***** PROVIDED DATA

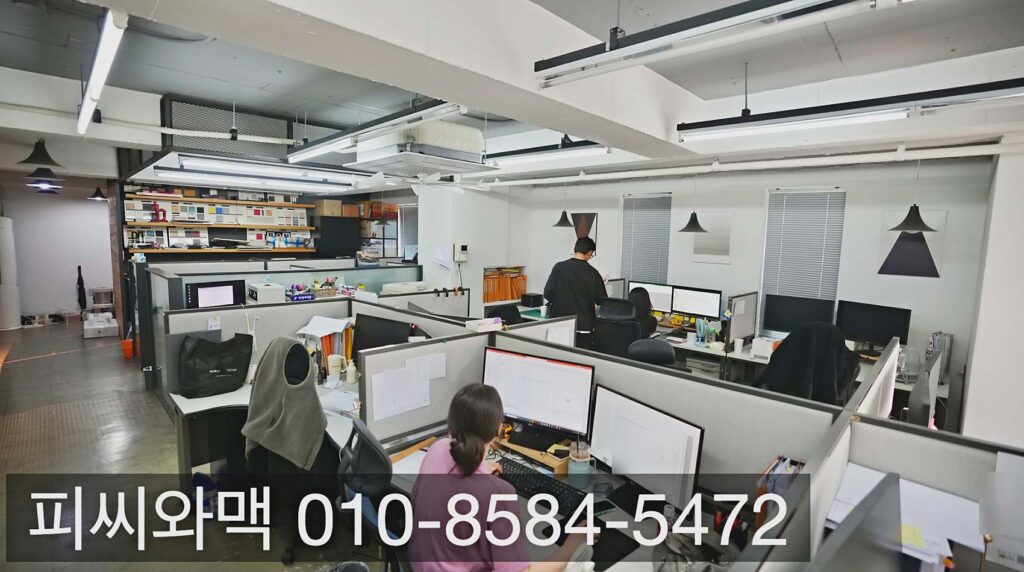 인테리어 회사 NAS는 저장용량보다 사용환경을 먼저 봅니다 도면, 렌더링, 고해상도 사진을 사용하는 회사는 몇 년만 지나도 데이터가 수십 테라까지 늘어납니다. NAS 설치를 할 때는 저장용량만 맞추는 게 아니라 직원 수, 맥...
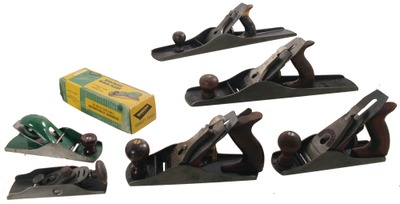 Assorted Makers: Lot Of Sound & Usabl Woodworking Planes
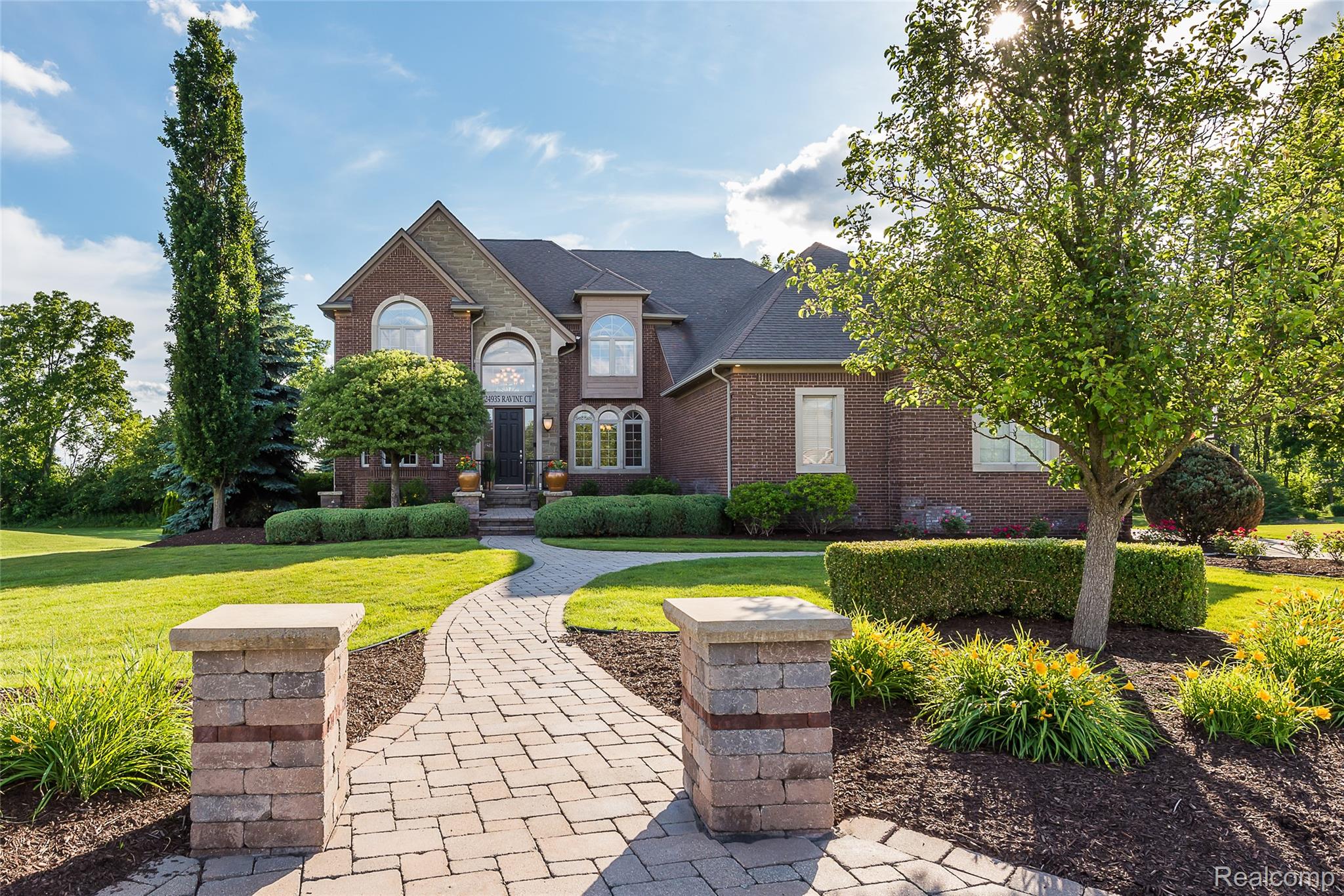 24935 Ravine Drive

**********

TASK STATEMENT
Repeat the listing in full and to the letter, excluding every image.

WRITTEN REPLY
 인테리어 회사 NAS는 저장용량보다 사용환경을 먼저 봅니다 도면, 렌더링, 고해상도 사진을 사용하는 회사는 몇 년만 지나도 데이터가 수십 테라까지 늘어납니다. NAS 설치를 할 때는 저장용량만 맞추는 게 아니라 직원 수, 맥...
 Assorted Makers: Lot Of Sound & Usabl Woodworking Planes
 24935 Ravine Drive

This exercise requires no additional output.